Short descriptive text snippets
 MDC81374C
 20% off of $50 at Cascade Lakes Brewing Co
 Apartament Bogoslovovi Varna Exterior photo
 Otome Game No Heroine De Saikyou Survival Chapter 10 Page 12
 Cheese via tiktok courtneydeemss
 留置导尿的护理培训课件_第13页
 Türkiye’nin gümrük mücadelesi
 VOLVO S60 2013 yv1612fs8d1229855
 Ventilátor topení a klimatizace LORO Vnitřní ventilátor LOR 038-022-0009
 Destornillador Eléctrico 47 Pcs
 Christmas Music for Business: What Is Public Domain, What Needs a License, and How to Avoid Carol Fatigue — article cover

--

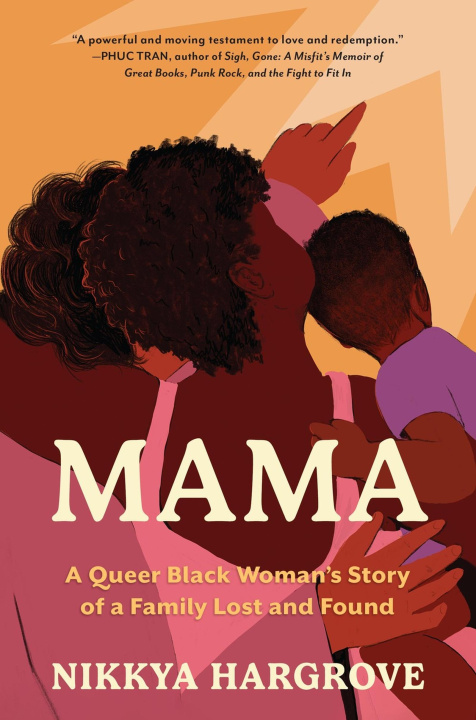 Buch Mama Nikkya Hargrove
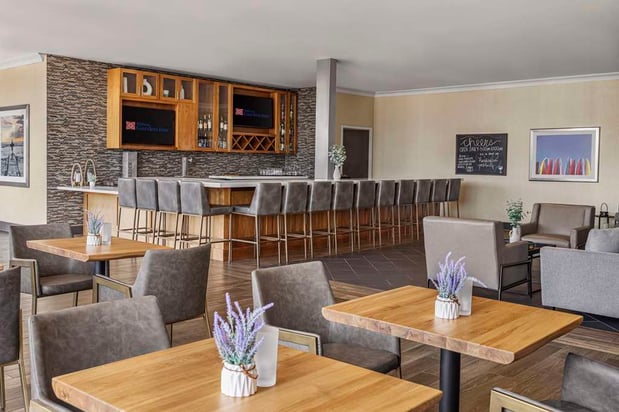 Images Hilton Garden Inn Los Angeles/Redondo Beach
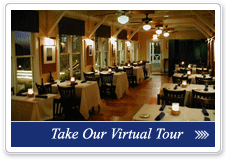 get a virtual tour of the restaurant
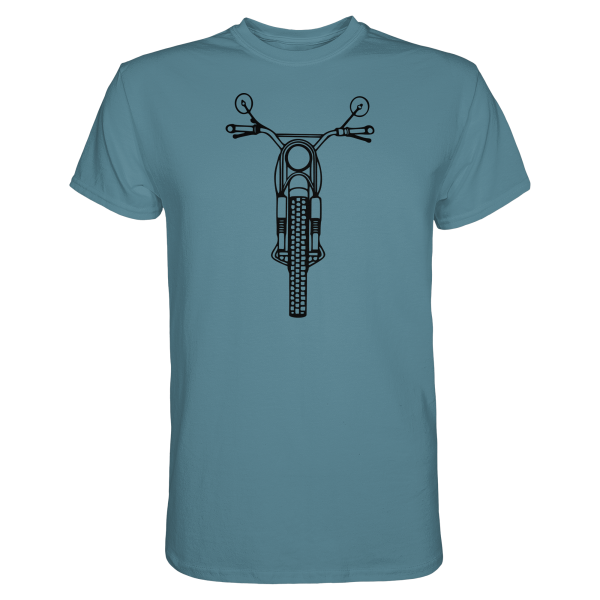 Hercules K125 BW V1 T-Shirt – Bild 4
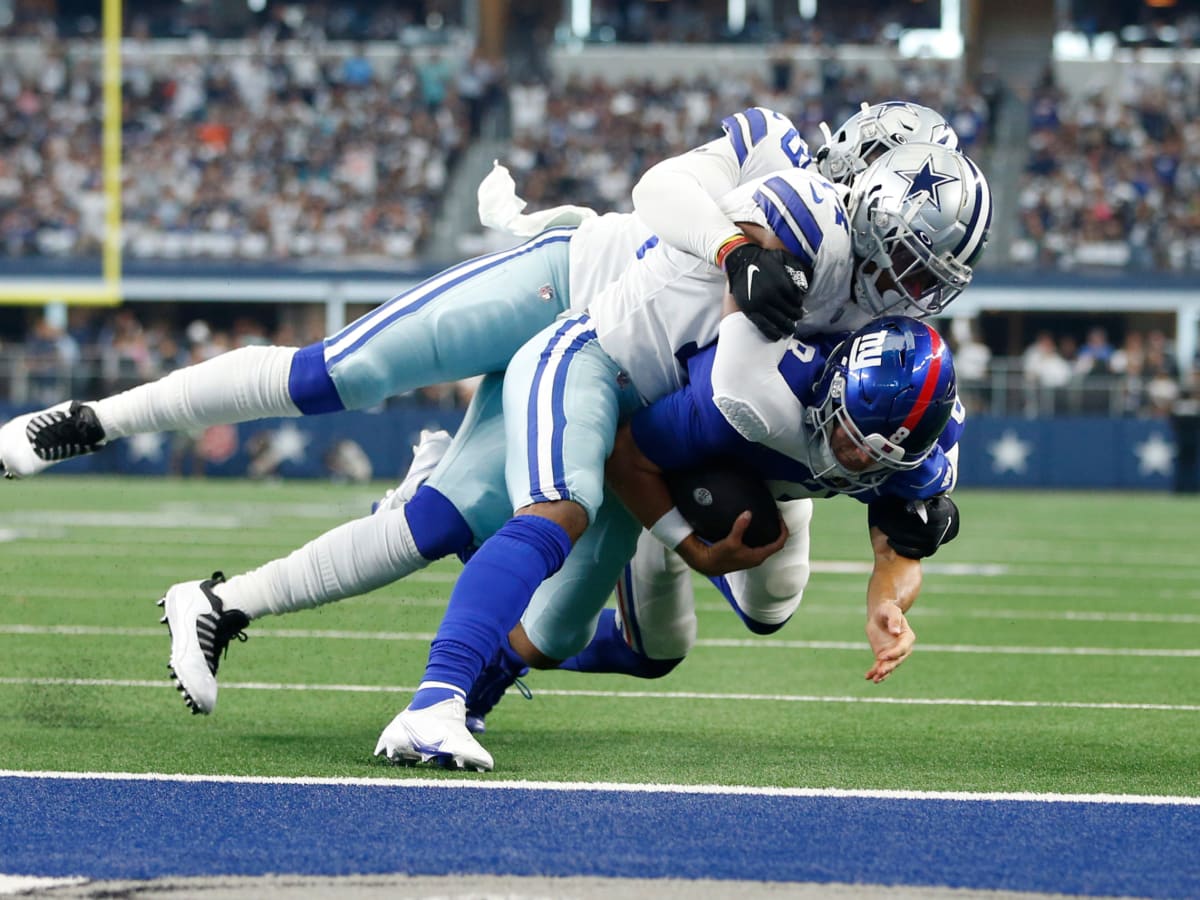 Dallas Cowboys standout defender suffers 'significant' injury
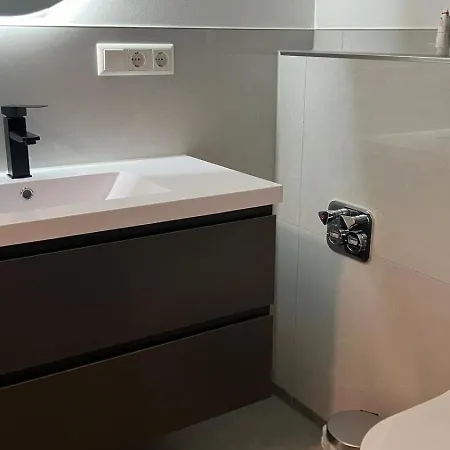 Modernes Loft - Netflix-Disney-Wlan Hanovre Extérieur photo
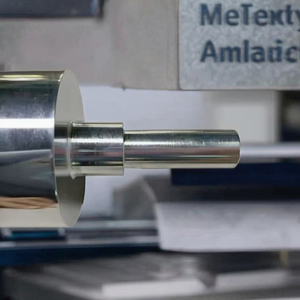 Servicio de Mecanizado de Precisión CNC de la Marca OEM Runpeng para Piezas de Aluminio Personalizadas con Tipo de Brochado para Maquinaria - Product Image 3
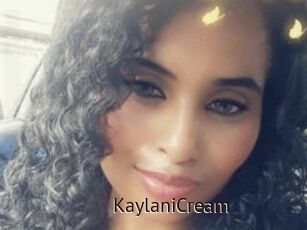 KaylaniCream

--

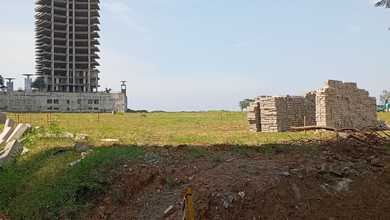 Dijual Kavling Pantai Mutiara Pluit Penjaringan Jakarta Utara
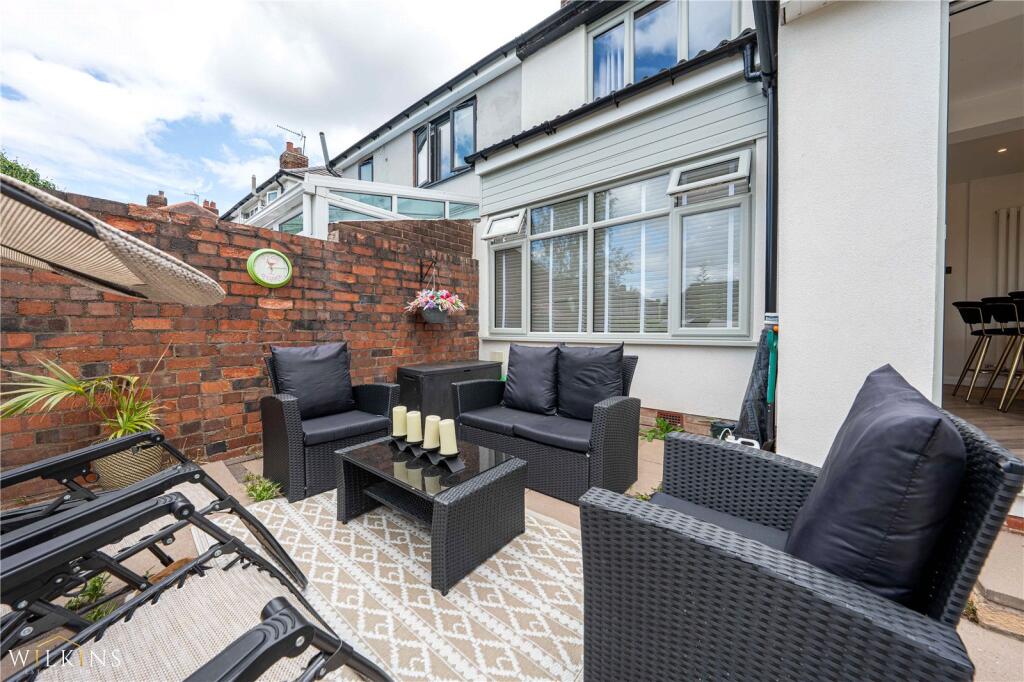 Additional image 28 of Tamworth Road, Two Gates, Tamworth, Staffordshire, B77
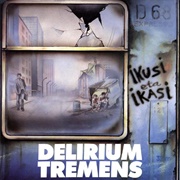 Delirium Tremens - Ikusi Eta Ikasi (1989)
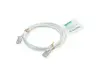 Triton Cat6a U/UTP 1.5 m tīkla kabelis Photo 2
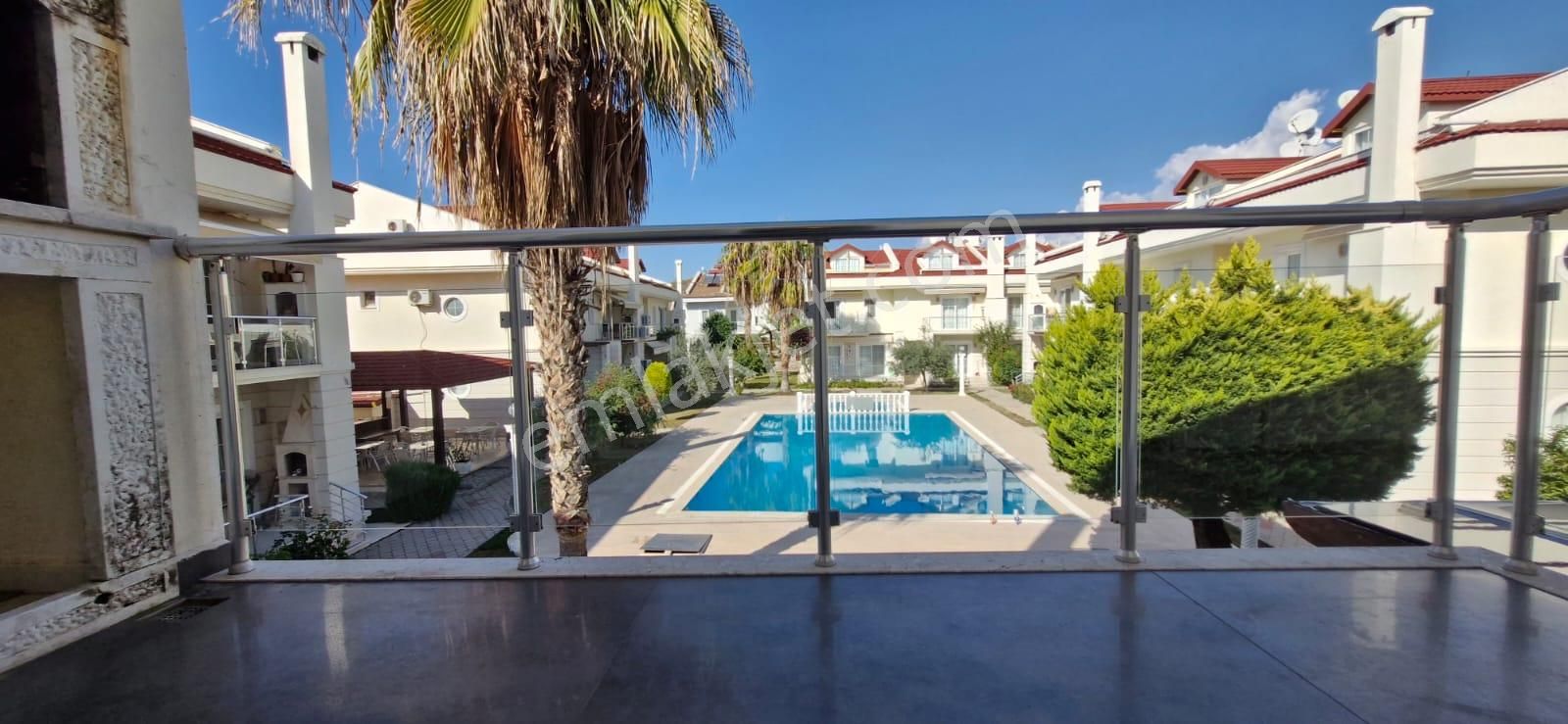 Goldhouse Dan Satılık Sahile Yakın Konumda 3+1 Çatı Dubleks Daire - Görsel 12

## PROBLEM REQUIREMENTS
Output the lines above between the one holding "VOLVO S60 2013 yv1612fs8d1229855" and the one holding "Christmas Music for", inclusive, with nothing before or after them.

## ANSWER SPACE
 VOLVO S60 2013 yv1612fs8d1229855
 Ventilátor topení a klimatizace LORO Vnitřní ventilátor LOR 038-022-0009
 Destornillador Eléctrico 47 Pcs
 Christmas Music for Business: What Is Public Domain, What Needs a License, and How to Avoid Carol Fatigue — article cover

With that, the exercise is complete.